Data supplied.
◇ ◇ ◇ ◇ ◇
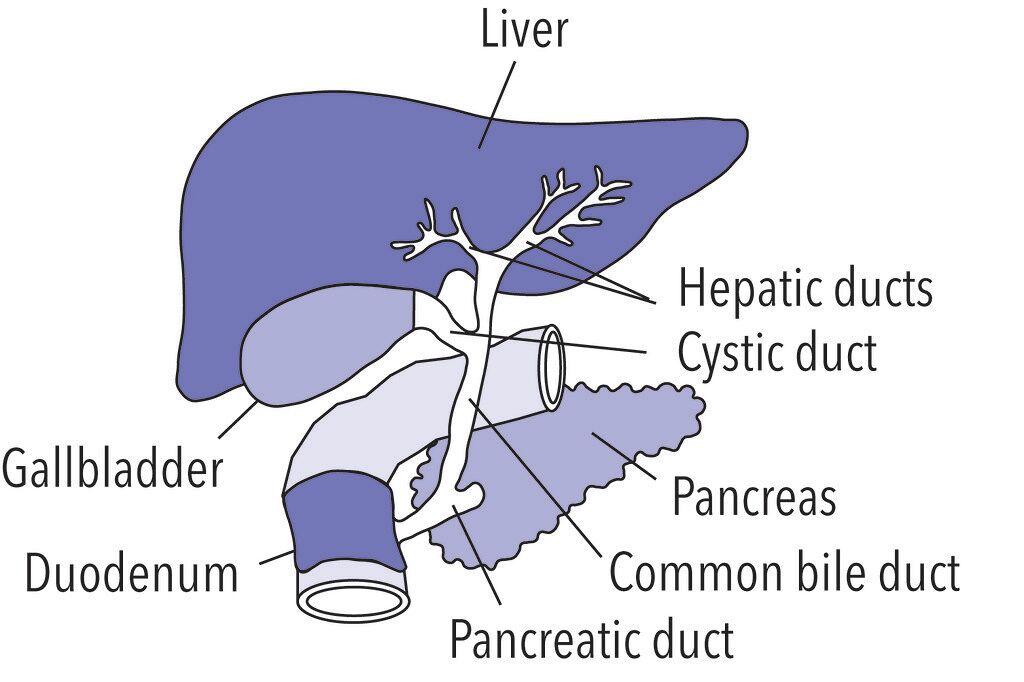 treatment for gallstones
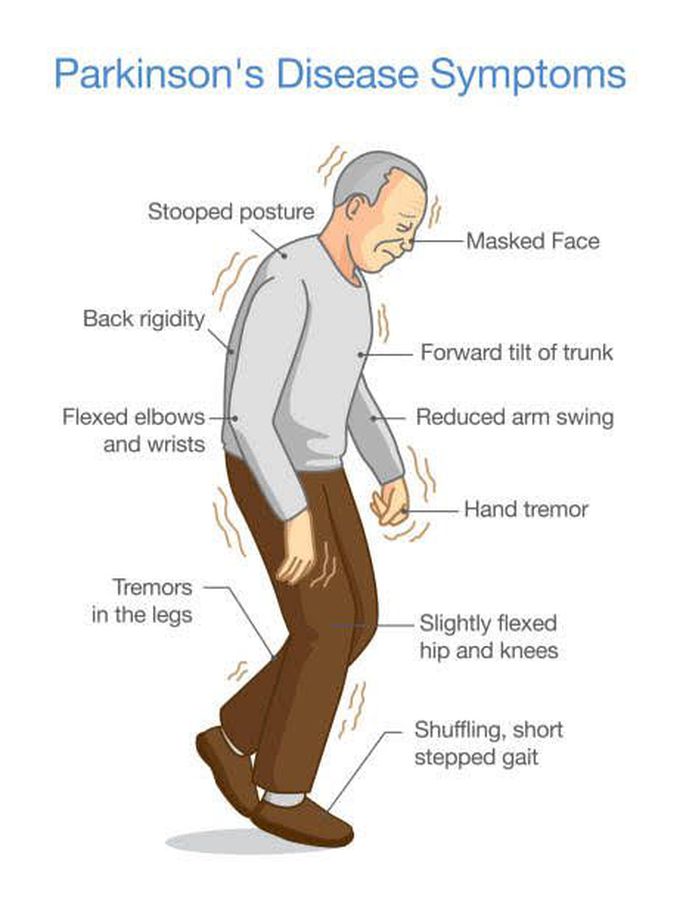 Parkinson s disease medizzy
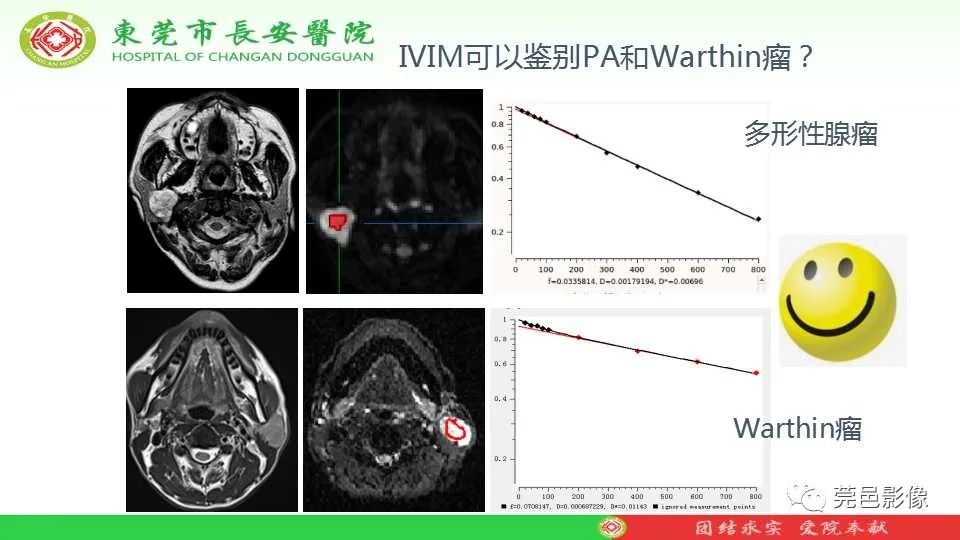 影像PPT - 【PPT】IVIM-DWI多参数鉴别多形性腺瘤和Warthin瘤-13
◇ ◇ ◇ ◇ ◇
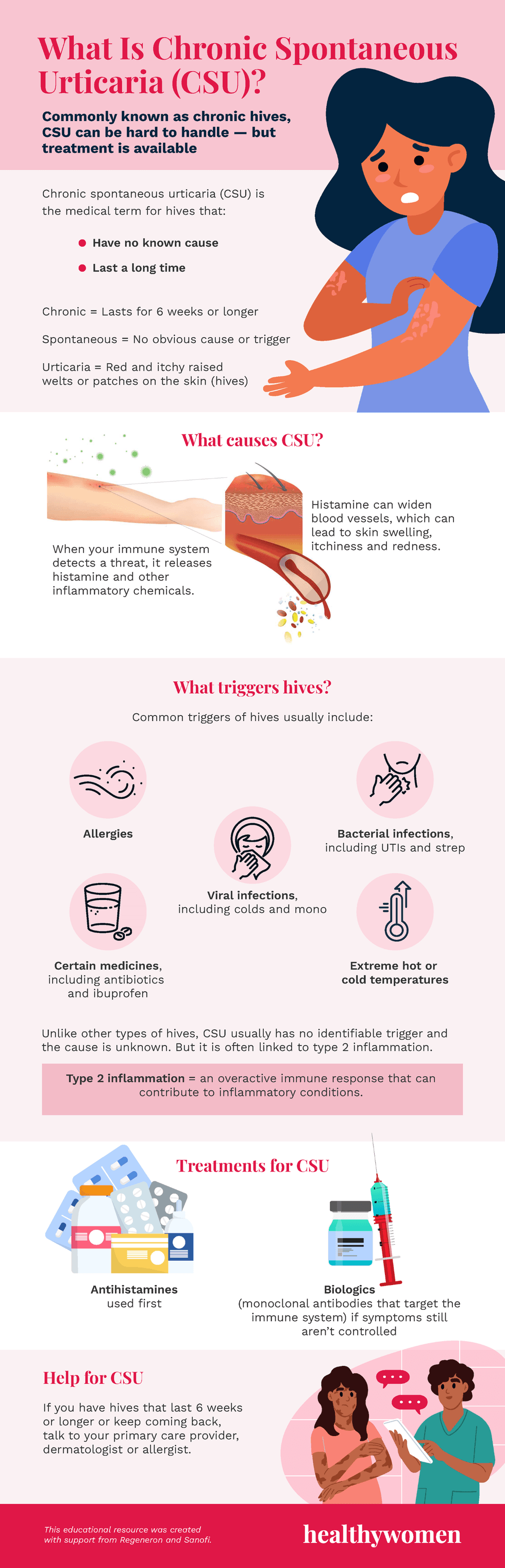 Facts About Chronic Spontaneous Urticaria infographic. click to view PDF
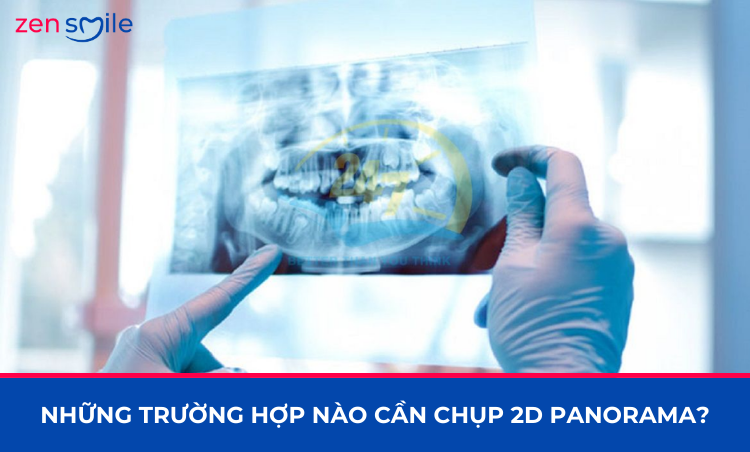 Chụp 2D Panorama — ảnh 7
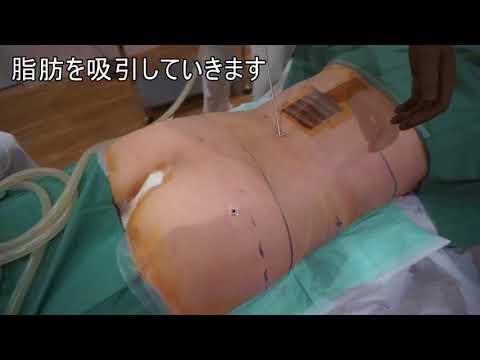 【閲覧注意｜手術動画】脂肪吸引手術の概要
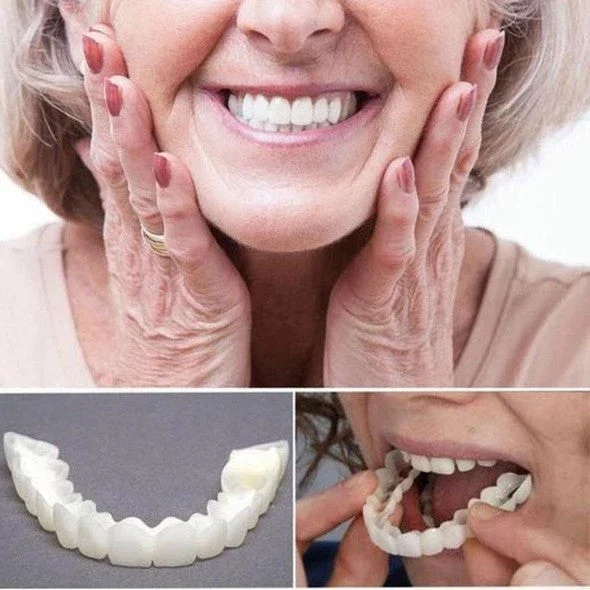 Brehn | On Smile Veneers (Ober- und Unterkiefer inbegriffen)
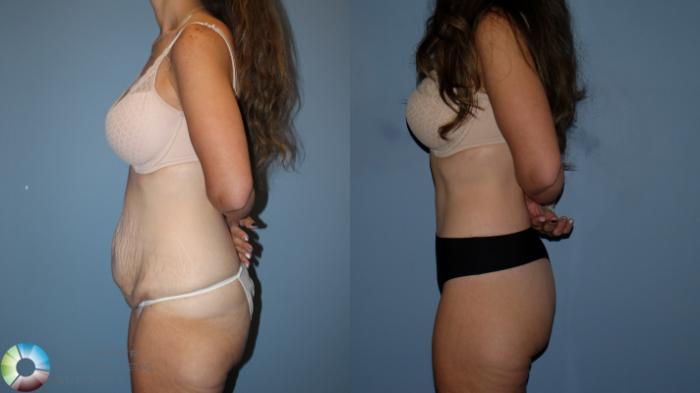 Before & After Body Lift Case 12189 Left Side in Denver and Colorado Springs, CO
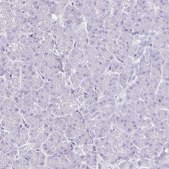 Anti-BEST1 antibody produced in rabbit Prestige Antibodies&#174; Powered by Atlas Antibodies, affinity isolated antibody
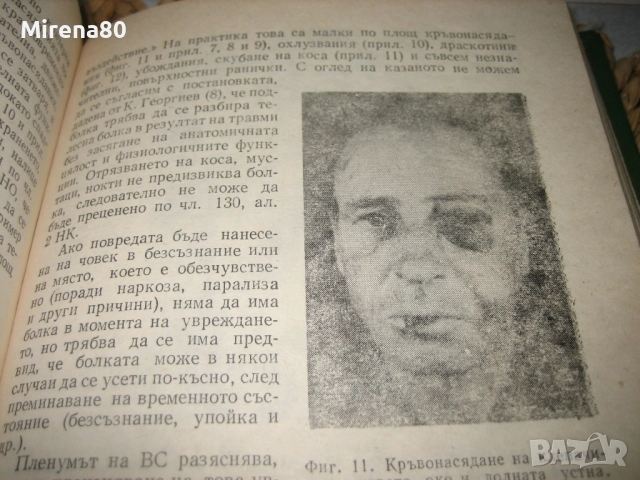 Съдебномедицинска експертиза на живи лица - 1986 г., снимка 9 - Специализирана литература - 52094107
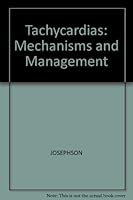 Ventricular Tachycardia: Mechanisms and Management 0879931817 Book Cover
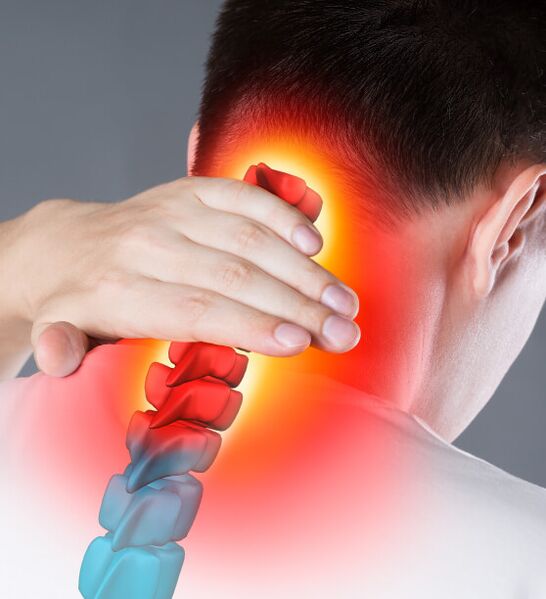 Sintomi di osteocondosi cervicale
◇ ◇ ◇ ◇ ◇
Your assignment.
When you reach the line that has "Ventricular Tachycardia: Mechanisms" in the data above, start repeating lines exactly, and stop after the line that has "Sintomi di osteocondosi cervicale"; pictures stay out.

Answer for this exercise.
 Ventricular Tachycardia: Mechanisms and Management 0879931817 Book Cover
 Sintomi di osteocondosi cervicale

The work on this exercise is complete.